▶ [WORK INSTRUCTION] For this exercise, reproduce only the lines from the one holding "Three-story apartment building" through the final line of the data below, exactly, and omit pictures.

▶ [INPUT DATA]
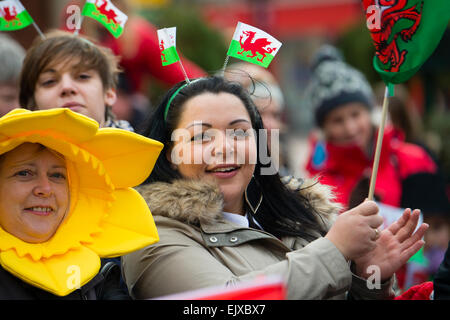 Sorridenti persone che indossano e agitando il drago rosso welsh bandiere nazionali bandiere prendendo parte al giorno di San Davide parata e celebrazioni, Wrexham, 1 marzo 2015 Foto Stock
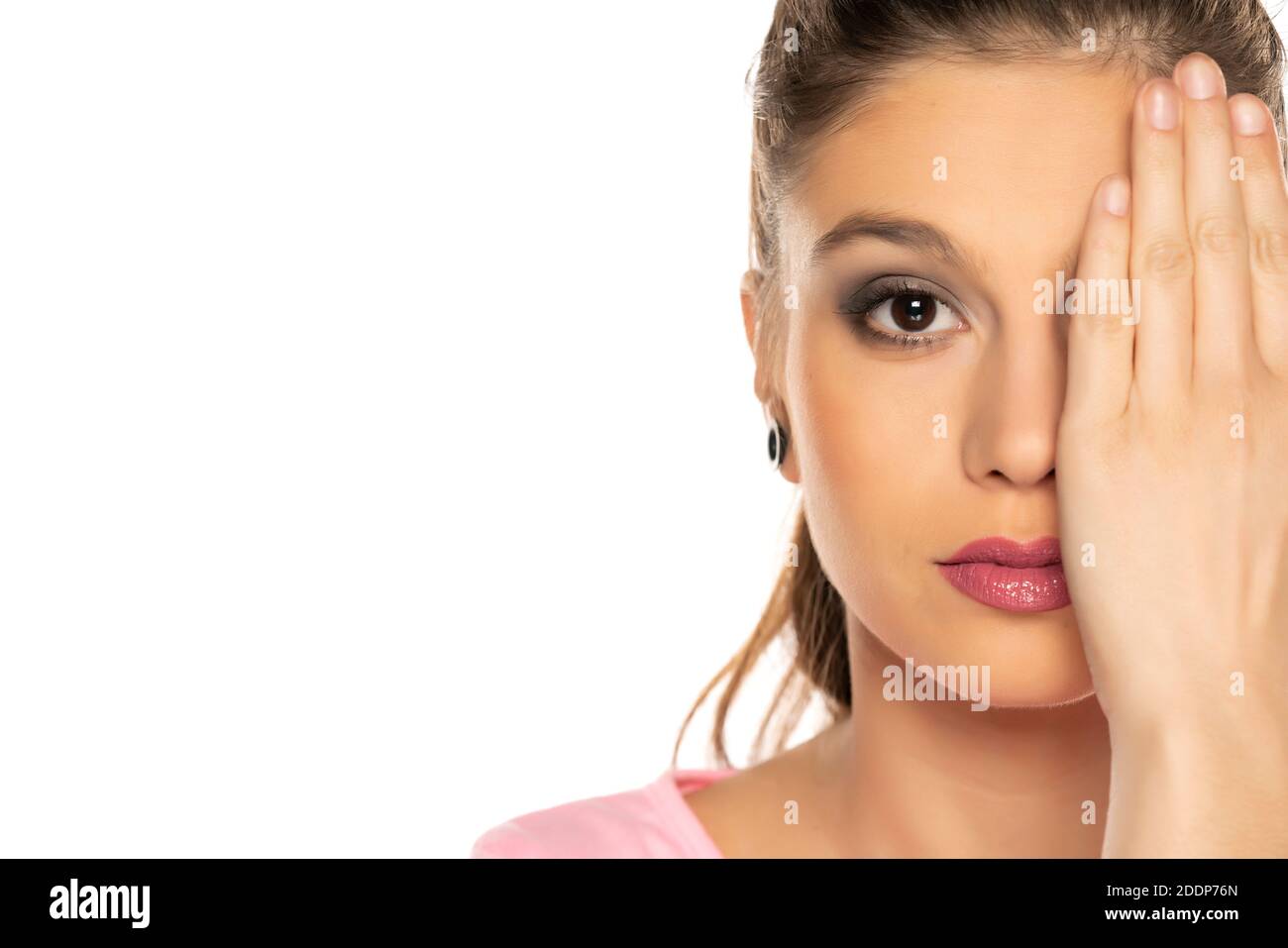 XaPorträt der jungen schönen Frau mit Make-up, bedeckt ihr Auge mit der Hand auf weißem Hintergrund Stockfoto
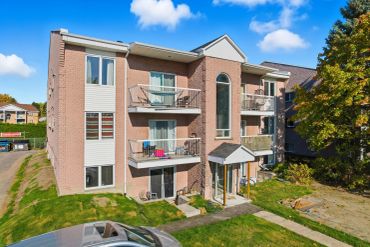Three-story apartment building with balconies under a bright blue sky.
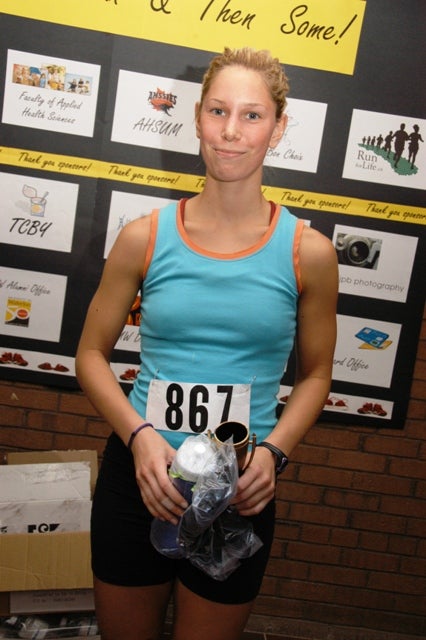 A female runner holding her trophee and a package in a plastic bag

▶ [EXERCISE OUTPUT]
Three-story apartment building with balconies under a bright blue sky.
 A female runner holding her trophee and a package in a plastic bag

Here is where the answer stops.